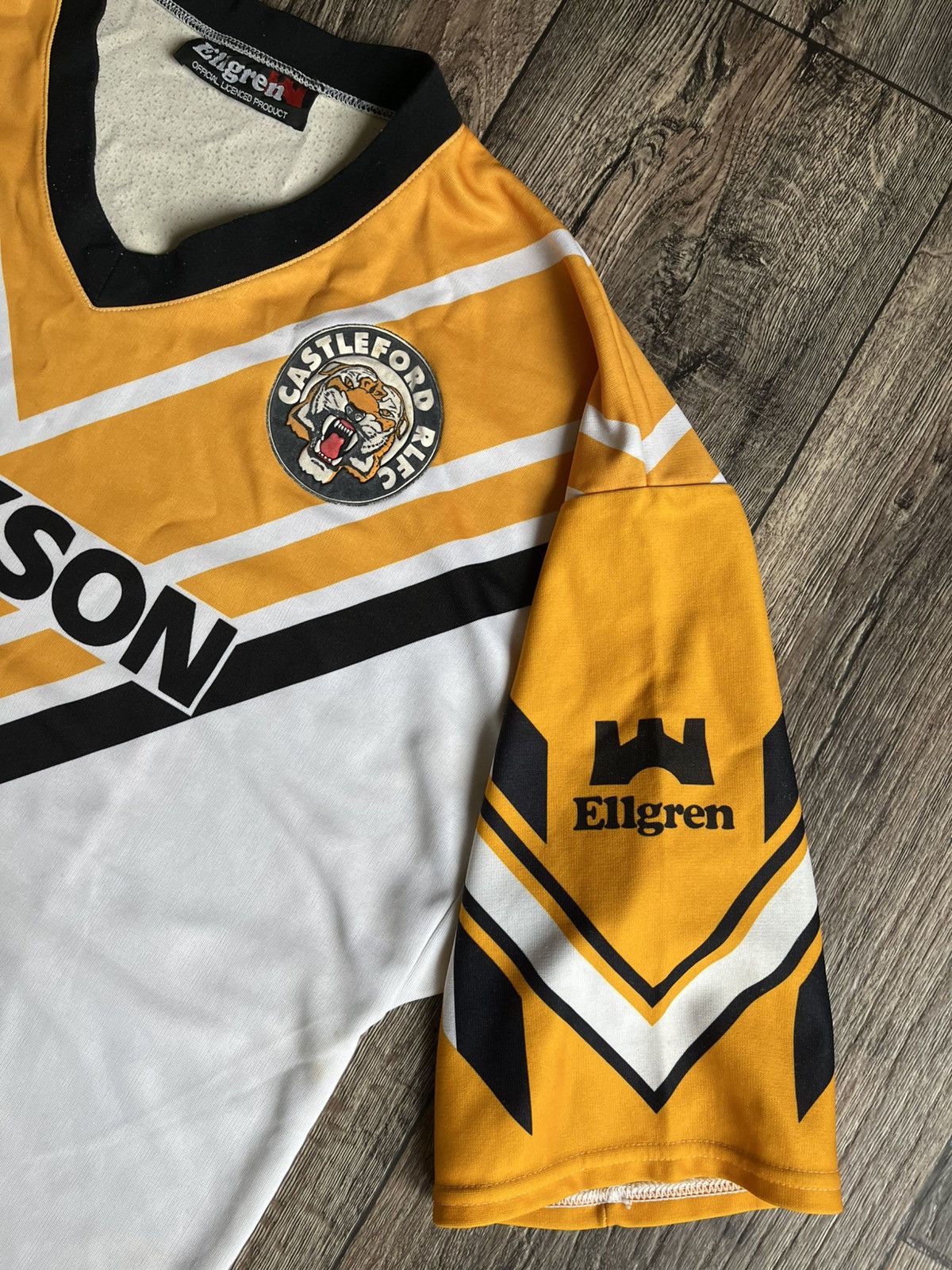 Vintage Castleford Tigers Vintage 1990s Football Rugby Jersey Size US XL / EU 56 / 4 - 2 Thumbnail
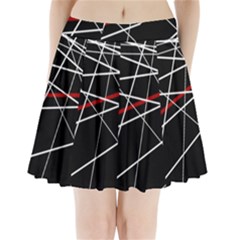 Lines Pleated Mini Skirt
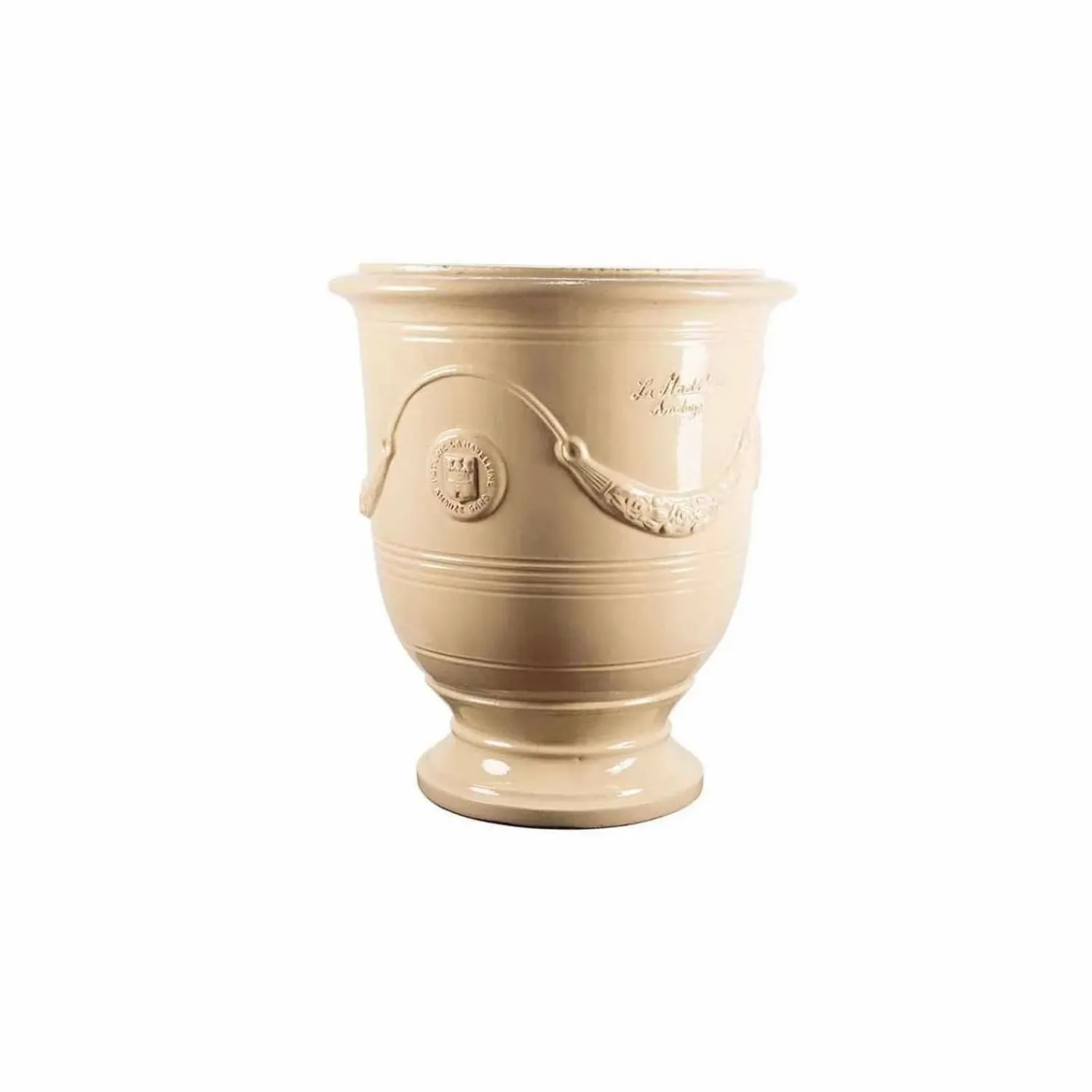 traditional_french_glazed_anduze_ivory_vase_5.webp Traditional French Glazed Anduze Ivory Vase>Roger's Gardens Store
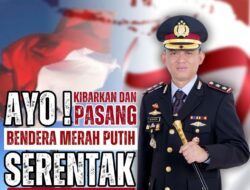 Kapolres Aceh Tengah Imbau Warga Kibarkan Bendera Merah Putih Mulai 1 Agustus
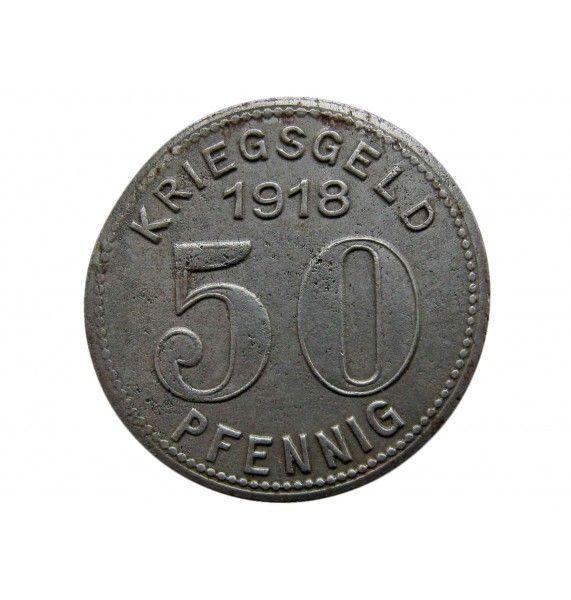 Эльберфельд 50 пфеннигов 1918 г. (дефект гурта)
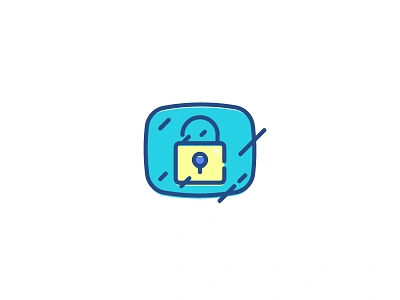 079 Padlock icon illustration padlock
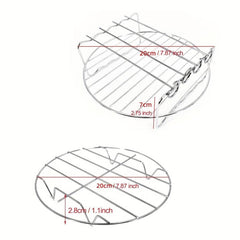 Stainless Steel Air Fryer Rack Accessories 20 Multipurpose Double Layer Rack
---
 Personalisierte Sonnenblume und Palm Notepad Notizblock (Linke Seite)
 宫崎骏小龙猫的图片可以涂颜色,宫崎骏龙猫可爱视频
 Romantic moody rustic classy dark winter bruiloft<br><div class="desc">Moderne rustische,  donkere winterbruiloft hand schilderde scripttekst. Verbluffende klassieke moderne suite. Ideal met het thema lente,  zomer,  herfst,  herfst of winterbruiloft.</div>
--
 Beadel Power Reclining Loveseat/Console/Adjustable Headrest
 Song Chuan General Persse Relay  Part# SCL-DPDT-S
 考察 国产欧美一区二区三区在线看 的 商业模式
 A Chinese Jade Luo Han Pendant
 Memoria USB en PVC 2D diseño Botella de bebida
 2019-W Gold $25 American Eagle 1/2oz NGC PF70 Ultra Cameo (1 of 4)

* **Problem statement**
Using the entries above, transcribe exactly from the line that has "Vintage Castleford Tigers" through the line that has "Stainless Steel Air". Pictures are dropped.

* **Answer to the problem**
 Vintage Castleford Tigers Vintage 1990s Football Rugby Jersey Size US XL / EU 56 / 4 - 2 Thumbnail
 Lines Pleated Mini Skirt
 traditional_french_glazed_anduze_ivory_vase_5.webp Traditional French Glazed Anduze Ivory Vase>Roger's Gardens Store
 Kapolres Aceh Tengah Imbau Warga Kibarkan Bendera Merah Putih Mulai 1 Agustus
 Эльберфельд 50 пфеннигов 1918 г. (дефект гурта)
 079 Padlock icon illustration padlock
 Stainless Steel Air Fryer Rack Accessories 20 Multipurpose Double Layer Rack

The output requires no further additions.